- _Collected material_
=== Section Start ===

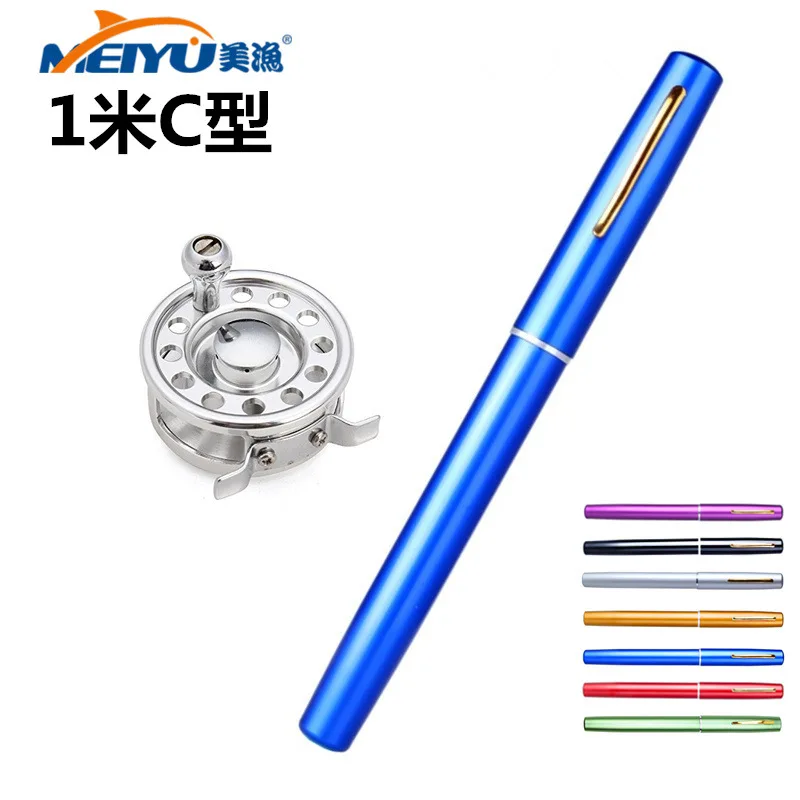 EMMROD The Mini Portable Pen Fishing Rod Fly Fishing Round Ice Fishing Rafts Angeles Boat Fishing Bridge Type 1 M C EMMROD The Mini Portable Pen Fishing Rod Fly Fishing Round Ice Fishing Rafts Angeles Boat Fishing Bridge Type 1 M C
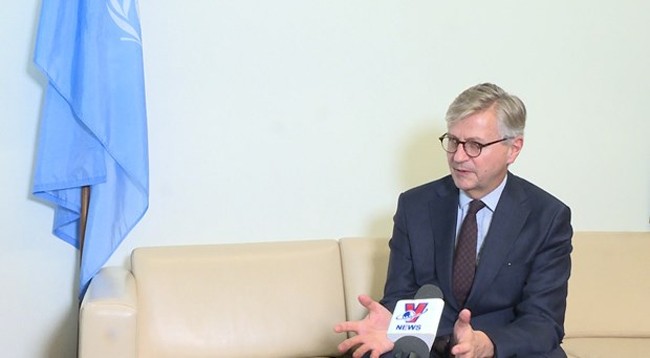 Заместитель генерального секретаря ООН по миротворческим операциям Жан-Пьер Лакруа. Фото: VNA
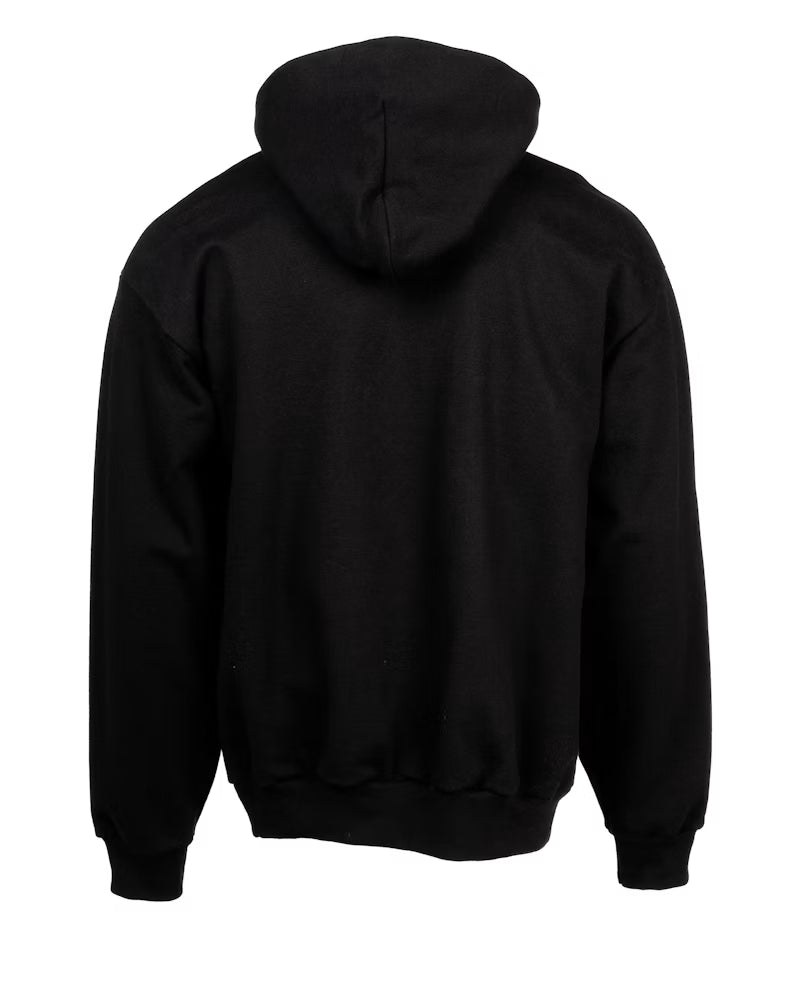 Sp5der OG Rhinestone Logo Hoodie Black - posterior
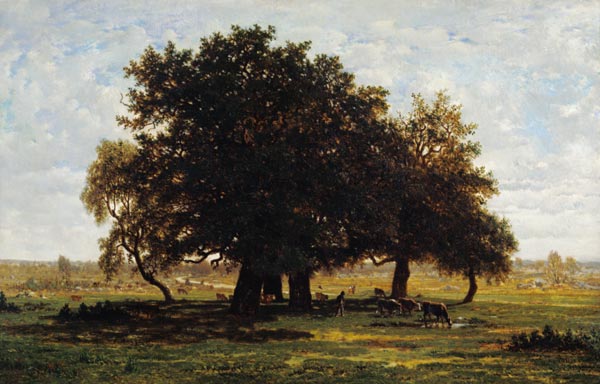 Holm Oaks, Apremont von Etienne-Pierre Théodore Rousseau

=== Section End ===

- _What you have to do_
Could you reproduce exactly the lines running from the one with "Заместитель генерального секретаря" through the final line of the listing above, both included, and drop the pictures?

- _Solution_
 Заместитель генерального секретаря ООН по миротворческим операциям Жан-Пьер Лакруа. Фото: VNA
 Sp5der OG Rhinestone Logo Hoodie Black - posterior
 Holm Oaks, Apremont von Etienne-Pierre Théodore Rousseau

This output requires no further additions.